> _What you will do_
Start at the line in the entries below that contains "En 2025, de", stop at the line that contains "Prosupps Mr Hyde", and output exactly the lines in that span, both ends included.

-- Information supplied follows --

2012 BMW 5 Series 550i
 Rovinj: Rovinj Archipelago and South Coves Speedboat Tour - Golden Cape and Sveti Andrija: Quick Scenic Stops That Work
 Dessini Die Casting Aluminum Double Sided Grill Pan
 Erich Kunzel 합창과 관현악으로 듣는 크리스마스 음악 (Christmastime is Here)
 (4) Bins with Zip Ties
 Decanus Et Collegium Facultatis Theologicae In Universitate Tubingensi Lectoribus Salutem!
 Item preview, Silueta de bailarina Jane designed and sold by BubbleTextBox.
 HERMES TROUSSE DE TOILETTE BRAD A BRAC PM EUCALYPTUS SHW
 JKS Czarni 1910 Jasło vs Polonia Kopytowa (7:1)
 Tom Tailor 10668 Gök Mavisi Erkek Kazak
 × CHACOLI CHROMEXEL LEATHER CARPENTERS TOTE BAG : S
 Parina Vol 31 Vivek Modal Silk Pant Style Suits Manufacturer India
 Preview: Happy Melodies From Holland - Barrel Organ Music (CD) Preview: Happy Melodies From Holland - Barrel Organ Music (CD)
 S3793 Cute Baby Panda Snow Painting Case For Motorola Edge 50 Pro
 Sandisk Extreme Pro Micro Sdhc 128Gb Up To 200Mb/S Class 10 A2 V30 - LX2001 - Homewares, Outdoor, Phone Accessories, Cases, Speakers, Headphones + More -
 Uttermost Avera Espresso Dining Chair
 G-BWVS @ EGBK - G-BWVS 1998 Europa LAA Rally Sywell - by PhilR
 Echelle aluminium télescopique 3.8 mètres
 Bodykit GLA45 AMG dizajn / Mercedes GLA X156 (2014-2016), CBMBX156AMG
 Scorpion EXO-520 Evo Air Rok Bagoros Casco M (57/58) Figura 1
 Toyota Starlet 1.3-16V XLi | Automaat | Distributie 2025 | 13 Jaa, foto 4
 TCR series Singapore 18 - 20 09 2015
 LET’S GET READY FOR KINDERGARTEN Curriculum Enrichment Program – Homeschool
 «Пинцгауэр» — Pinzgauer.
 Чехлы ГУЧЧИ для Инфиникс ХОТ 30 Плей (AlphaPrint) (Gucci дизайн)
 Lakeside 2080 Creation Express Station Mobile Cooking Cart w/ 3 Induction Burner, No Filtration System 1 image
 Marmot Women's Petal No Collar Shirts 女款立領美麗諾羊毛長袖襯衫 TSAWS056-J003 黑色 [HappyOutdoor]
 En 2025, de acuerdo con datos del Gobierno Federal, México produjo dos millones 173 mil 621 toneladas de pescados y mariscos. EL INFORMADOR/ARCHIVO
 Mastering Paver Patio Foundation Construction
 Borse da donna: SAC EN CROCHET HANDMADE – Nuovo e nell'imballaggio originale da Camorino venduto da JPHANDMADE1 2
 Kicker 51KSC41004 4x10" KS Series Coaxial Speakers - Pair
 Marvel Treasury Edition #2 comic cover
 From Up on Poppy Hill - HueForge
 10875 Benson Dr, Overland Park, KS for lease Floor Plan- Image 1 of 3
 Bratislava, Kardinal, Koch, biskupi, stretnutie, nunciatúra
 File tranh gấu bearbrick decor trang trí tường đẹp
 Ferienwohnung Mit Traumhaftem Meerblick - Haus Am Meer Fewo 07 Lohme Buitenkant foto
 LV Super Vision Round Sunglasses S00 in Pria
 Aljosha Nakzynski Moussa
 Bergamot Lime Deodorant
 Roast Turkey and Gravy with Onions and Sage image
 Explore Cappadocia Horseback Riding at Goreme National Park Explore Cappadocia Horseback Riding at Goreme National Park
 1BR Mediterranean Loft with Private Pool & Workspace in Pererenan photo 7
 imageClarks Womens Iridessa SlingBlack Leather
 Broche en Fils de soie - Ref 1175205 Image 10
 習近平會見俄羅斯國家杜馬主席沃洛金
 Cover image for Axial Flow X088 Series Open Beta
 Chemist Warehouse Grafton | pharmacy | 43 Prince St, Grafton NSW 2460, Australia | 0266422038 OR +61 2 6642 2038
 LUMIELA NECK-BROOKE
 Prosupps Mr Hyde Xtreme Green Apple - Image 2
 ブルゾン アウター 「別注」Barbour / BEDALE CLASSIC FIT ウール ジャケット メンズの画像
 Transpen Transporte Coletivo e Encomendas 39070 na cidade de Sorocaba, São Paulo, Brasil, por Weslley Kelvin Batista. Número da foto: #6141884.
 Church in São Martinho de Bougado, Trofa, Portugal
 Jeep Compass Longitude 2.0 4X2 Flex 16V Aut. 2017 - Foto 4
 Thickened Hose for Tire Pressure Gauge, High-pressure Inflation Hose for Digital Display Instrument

-- Information supplied concluded --

> _Result of this exercise_
 En 2025, de acuerdo con datos del Gobierno Federal, México produjo dos millones 173 mil 621 toneladas de pescados y mariscos. EL INFORMADOR/ARCHIVO
 Mastering Paver Patio Foundation Construction
 Borse da donna: SAC EN CROCHET HANDMADE – Nuovo e nell'imballaggio originale da Camorino venduto da JPHANDMADE1 2
 Kicker 51KSC41004 4x10" KS Series Coaxial Speakers - Pair
 Marvel Treasury Edition #2 comic cover
 From Up on Poppy Hill - HueForge
 10875 Benson Dr, Overland Park, KS for lease Floor Plan- Image 1 of 3
 Bratislava, Kardinal, Koch, biskupi, stretnutie, nunciatúra
 File tranh gấu bearbrick decor trang trí tường đẹp
 Ferienwohnung Mit Traumhaftem Meerblick - Haus Am Meer Fewo 07 Lohme Buitenkant foto
 LV Super Vision Round Sunglasses S00 in Pria
 Aljosha Nakzynski Moussa
 Bergamot Lime Deodorant
 Roast Turkey and Gravy with Onions and Sage image
 Explore Cappadocia Horseback Riding at Goreme National Park Explore Cappadocia Horseback Riding at Goreme National Park
 1BR Mediterranean Loft with Private Pool & Workspace in Pererenan photo 7
 imageClarks Womens Iridessa SlingBlack Leather
 Broche en Fils de soie - Ref 1175205 Image 10
 習近平會見俄羅斯國家杜馬主席沃洛金
 Cover image for Axial Flow X088 Series Open Beta
 Chemist Warehouse Grafton | pharmacy | 43 Prince St, Grafton NSW 2460, Australia | 0266422038 OR +61 2 6642 2038
 LUMIELA NECK-BROOKE
 Prosupps Mr Hyde Xtreme Green Apple - Image 2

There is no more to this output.